Within the field of semiconductor device design, it is known that mechanical stresses within the device substrate can modulate device performance. Individual stress tensor components affect device behavior of PFETs and NFETs differently. Previous improvements that utilized stress enhancements tended to focus on one or the other type of device outside of a practical performance environment, such as in an IC chip. In order to maximize the performance of both PFETs and NFETs within IC chips, the stress components need to be engineered and applied differently, yet simultaneously. In the present invention we show fabrication methods and resulting structures that have imposed the appropriate stress fields needed to improve the performance of a single device and of at least two devices simultaneously in a common substrate.

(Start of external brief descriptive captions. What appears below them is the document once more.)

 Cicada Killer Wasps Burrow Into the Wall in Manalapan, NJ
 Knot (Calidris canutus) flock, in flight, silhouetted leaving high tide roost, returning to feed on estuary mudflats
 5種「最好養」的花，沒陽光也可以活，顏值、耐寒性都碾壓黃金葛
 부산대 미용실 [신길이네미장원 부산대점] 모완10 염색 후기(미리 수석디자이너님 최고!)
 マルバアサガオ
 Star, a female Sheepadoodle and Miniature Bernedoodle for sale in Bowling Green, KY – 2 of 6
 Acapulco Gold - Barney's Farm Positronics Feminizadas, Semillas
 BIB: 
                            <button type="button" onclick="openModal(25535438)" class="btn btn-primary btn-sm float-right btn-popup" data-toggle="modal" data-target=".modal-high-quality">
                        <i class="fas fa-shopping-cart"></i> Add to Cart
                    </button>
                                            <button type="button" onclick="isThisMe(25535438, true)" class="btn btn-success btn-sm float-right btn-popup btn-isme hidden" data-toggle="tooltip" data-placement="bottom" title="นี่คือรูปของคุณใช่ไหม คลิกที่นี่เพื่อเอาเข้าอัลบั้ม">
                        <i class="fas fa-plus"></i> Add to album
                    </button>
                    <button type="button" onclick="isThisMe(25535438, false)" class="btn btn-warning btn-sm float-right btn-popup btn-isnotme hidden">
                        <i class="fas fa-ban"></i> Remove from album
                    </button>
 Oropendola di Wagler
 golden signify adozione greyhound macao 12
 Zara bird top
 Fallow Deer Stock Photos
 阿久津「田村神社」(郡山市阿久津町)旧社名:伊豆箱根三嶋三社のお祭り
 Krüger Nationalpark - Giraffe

2. Description of the Prior Art
Hamada et al, IEEE Transactions on Electron Devices, Vol. 38 No. 4, A New Aspect of Mechanical Stress Effects in Scaled MOS Devices (April 1991) show data correlating weight induced (bending a sample silicon chip) longitudinal and transverse tensile and compressive stress with Transconductance deviation. Within the PFET device a longitudinally applied uniaxial compressive stress had an effect reversed from the effect induced on an NFET. This data can be interpreted such that if you apply an in-plane biaxial tensile stress, the NFET device performance will improve about two-fold as compared to that of a uniaxial tensile situation, while the PFET experiences no change because the longitudinal and transverse tensile stress effects cancel each other out.
In the Symposium on VLSI Technology Digest of Technical Papers (2001), Rim et. al. shows that, using strained Si which has in-plane biaxial tensile stress, improvements occurred for an NFET with a 70% increase in electron mobility. Prior known solutions and methods using mechanical stress for device performance enhancement could not improve both NFETs and PFETs simultaneously. Moreover, prior solutions do not address the feasibility of any kind of device structures or methods of fabricating them.